S3 Special Characters Error
Hi there. I need to make a bulk upload but got several files with special characters (spanish file names).
I have tried with s3cmd but a unicode error shows up. Is there any option to work on utf-8 or something like that in order to include this special characters?
Can't rename the files. The folder is about 150Gb…
2 Replies
Thanks for letting us know. The special characters issue is something that our developers are aware of, and they're currently working on a fix. While I don't have a timeline for you, I can tell you it's on our radar.
In the meantime, I tested out uploading some files with special characters (including Spanish alphanumeric ones) via the FTP client Cyberduck, and they seemed to upload okay on my end. Rather than using s3cmd, it might be something worth trying out in the meantime: How to Use Linode Object Storage: Cyberduck
What Special Characters Can I Use?
I dug into this today to figure out what exactly a usable "special character" means in regards to Linode's Object Storage.
The answer is… It depends.
As a general rule of thumb, S3 can only use Unicode characters up to 1024 bytes long. You can't go wrong with playing it safe! If you stick to these generic characters here, you shouldn't run into any issues.

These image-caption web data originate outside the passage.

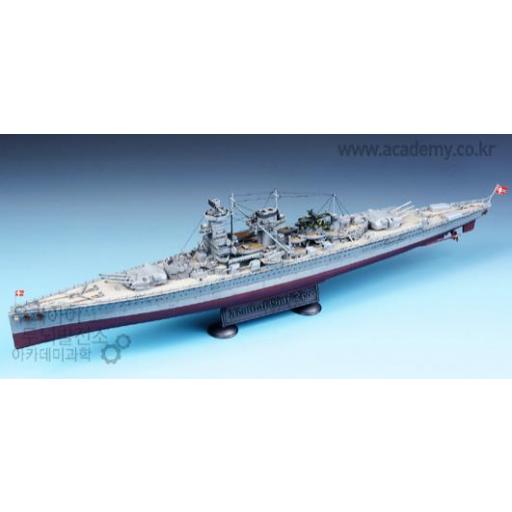 1/350 Acorazado Alemán Admiral Graf Spee [2]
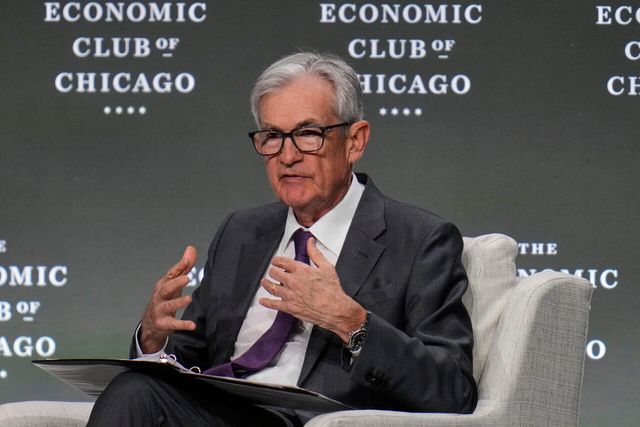 미 연방준비제도 제롬 파월 의장. [사진=뉴시스]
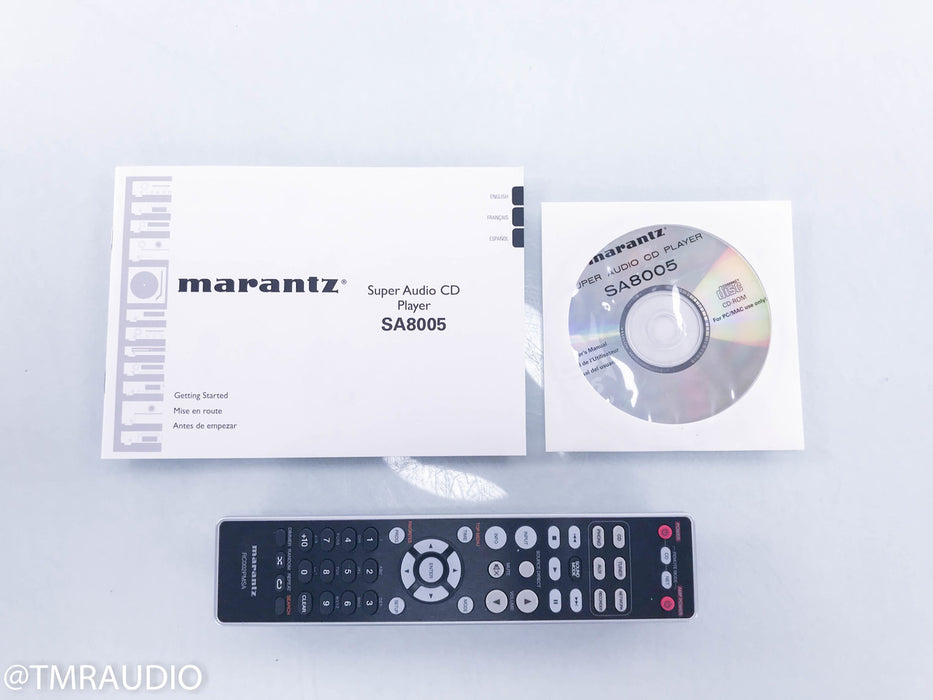 Marantz SA8005 SACD / CD Player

[0-9], [a-z], [A-Z], ["_","-","."]
Things start to break down once you start digging into the difference between Object Storage tools.

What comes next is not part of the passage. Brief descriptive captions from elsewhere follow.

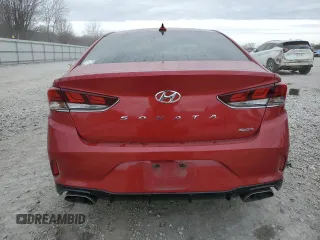 2018 Hyundai Sonata Limited with VIN 5NPE34AFXJH597363, listed as a Copart auction lot 44265065 with 120,603 mi miles and Salvage Title. Bid and sale history available at DreamBid. Image 6.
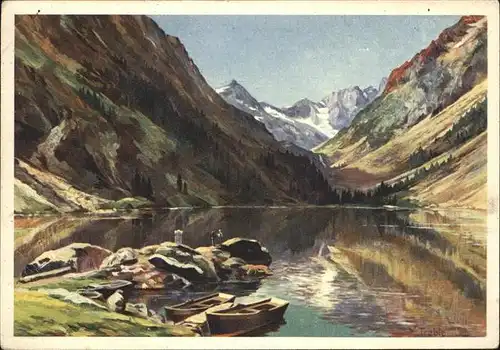 Cauterets Le Lac de Gaube Kat. Cauterets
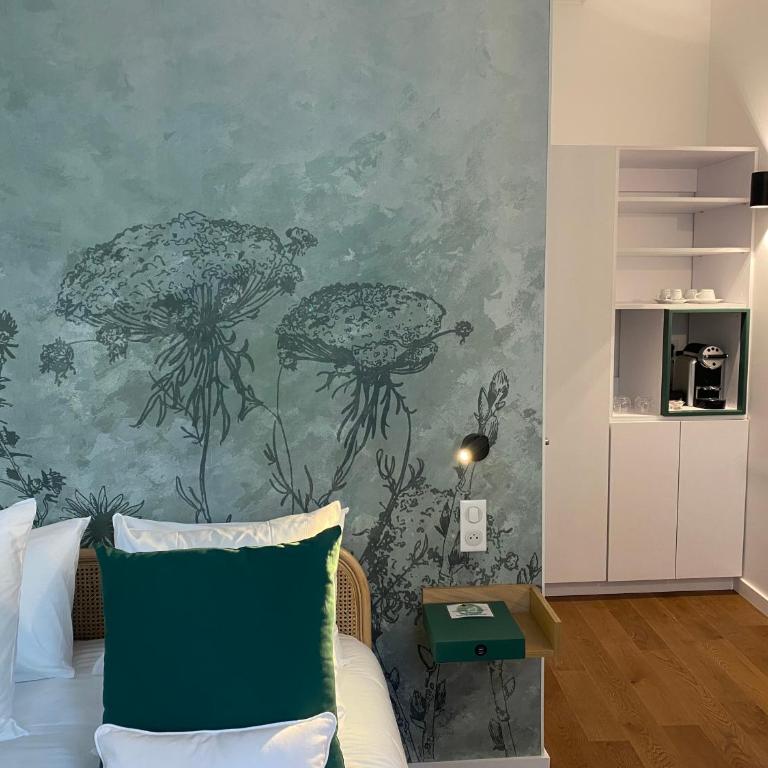Hotel du Palais Dijon - Anis Room - Ground floor - Disability Access - 5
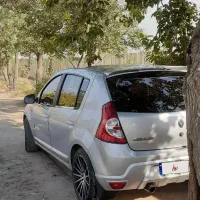 ساندرو  اتومات مدل ۹۵  مایل به معاوضه خودرو سبکتر|خودرو سواری و وانت|کرج, دهقان ویلا|دیوار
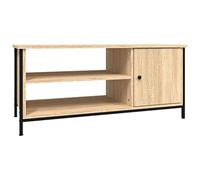vidaXL Mueble para TV Madera contrachapada Roble Sonoma 100x40x45 cm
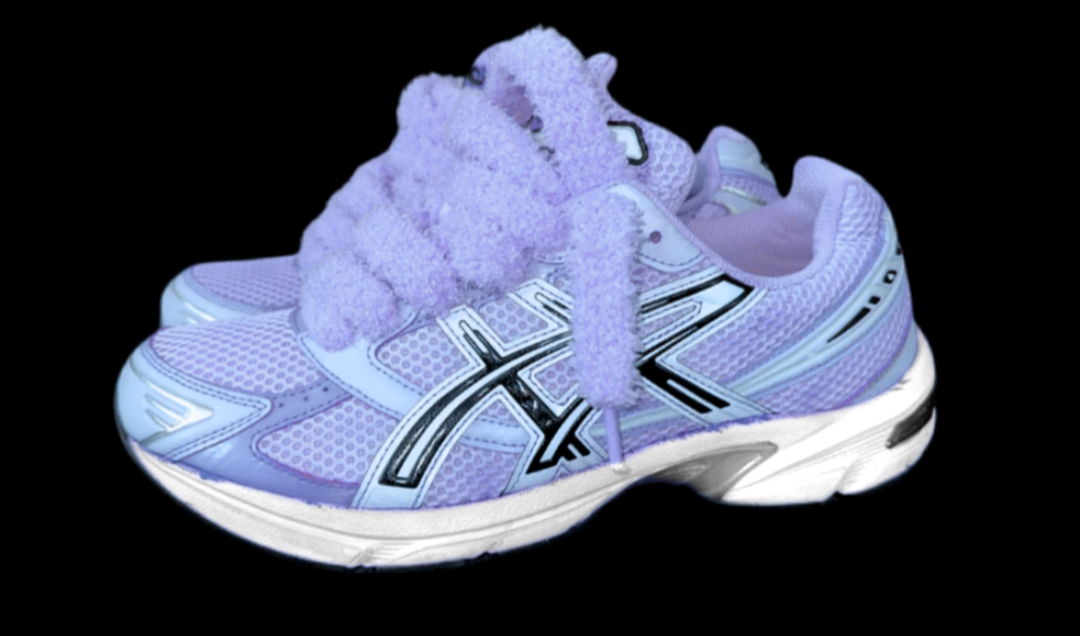 Asics 1130 Custom Violet ( Semelle blanche )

I decided to test 4 different tools (Cloud Manager, Cyberduck, Linode-CLI, S3CMD) to learn what works and what does not. For my testing I created test files for a group of characters using this python script:
# Creating a group of files for testing
symbols = ['~', ':', "'", '+', '[', '\\', '@', '^', '{', '%', '(', '-', '"', '*', '|', ',', '&', '<', '`', '}', '.', '_', '=', ']', '!', '>', ';', '?', '#', '$', ')', '/']
for i in symbols:
fn = str(symbols.index(i)) + i +'test'
print(fn)
with open(fn, 'w+') as f:
f.close()
Linode-CLI
# Adding Files to Object Storage using Linode CLI
cd /directory/full/of/test_files
for f in *
do
linode-cli obj put "$f" $TEST_BUCKET1 2> /dev/null ; echo $?
done
S3CMD
# Adding Files to Object Storage using S3CMD
for f in *
do
s3cmd put "$f" s3://$TEST_BUCKET2/ 2> /dev/null ; echo $?
done
Cloud Manager
I dragged & dropped the list of test_files into $TEST_BUCKET3 in the Cloud Manager window.
Cyberduck
I dragged & dropped the list of test_files into $TEST_BUCKET4 in the Cyberduck directory
Results
As you can see below, while third-party tools will use all of the characters tested, the Linode-CLI and Cloud Manager only allow a select few. It's also important to remember that if you are implementing any other third party tools, there may be some limitations as well. Overall, best practice would be to stick to the basic choices when naming files to save yourself a headache ([0-9], [a-z], [A-Z], ["_","-","."]).
Cloud_Manager_acceptable_characters = ["~", "-", ".", "_", "%"]
Linode_CLI_acceptable_characters = ["~", "-", ".", "_", "?", "#", "%"]
S3CMD_acceptable_characters = ['~', ':', "'", '+', '[', '\\', '@', '^',
'{', '%', '(', '-', '"', '*' , '|', ',',
'&', '<', '`', '}', '.', '_', '=', ']',
'!', '>', ';', '?', '#', '$', ')', '/']
Cyberduck_acceptable_characters = ['~',':', "'", '+', '[', '\\', '@', '^',
'{', '%', '(', '-', '"', '*', '|', ',',
'&', '<', '`', '}', '.', '_', '=', ']',
'!', '>', ';', '?', '#', '$', ')', '/']